++++ Data extract ++++

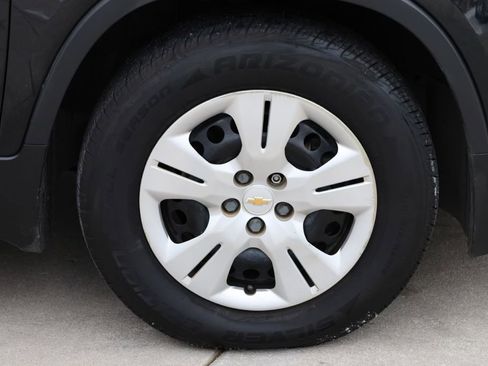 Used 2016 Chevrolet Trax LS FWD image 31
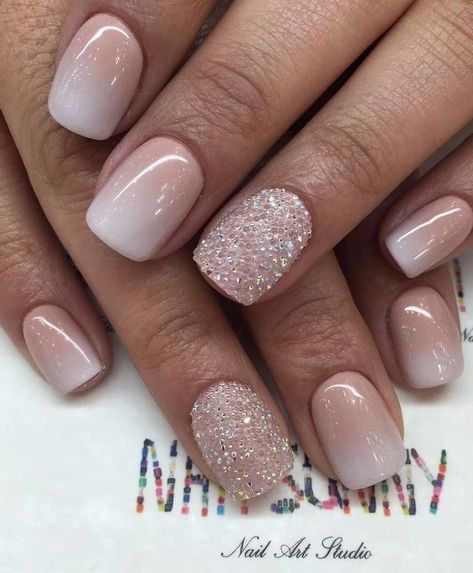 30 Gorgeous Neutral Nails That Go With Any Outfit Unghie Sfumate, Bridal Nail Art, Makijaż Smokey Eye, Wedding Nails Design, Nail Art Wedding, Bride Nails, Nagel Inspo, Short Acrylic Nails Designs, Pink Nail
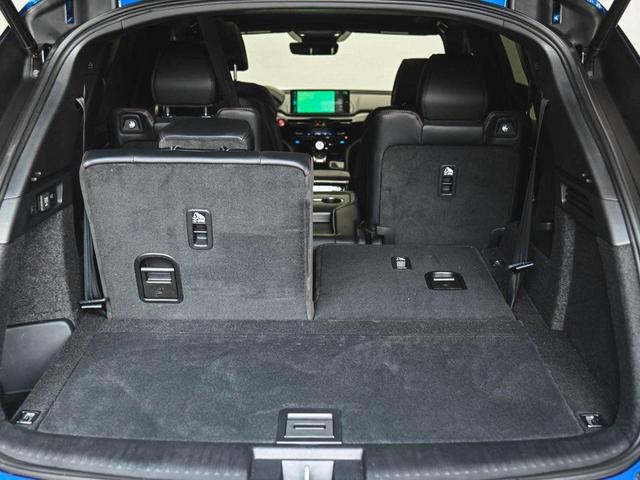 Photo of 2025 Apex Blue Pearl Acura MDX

++++

* [Required work]
Make an exact copy of the listing. Do not carry over its pictures.

* [Answer space]
 Used 2016 Chevrolet Trax LS FWD image 31
 30 Gorgeous Neutral Nails That Go With Any Outfit Unghie Sfumate, Bridal Nail Art, Makijaż Smokey Eye, Wedding Nails Design, Nail Art Wedding, Bride Nails, Nagel Inspo, Short Acrylic Nails Designs, Pink Nail
 Photo of 2025 Apex Blue Pearl Acura MDX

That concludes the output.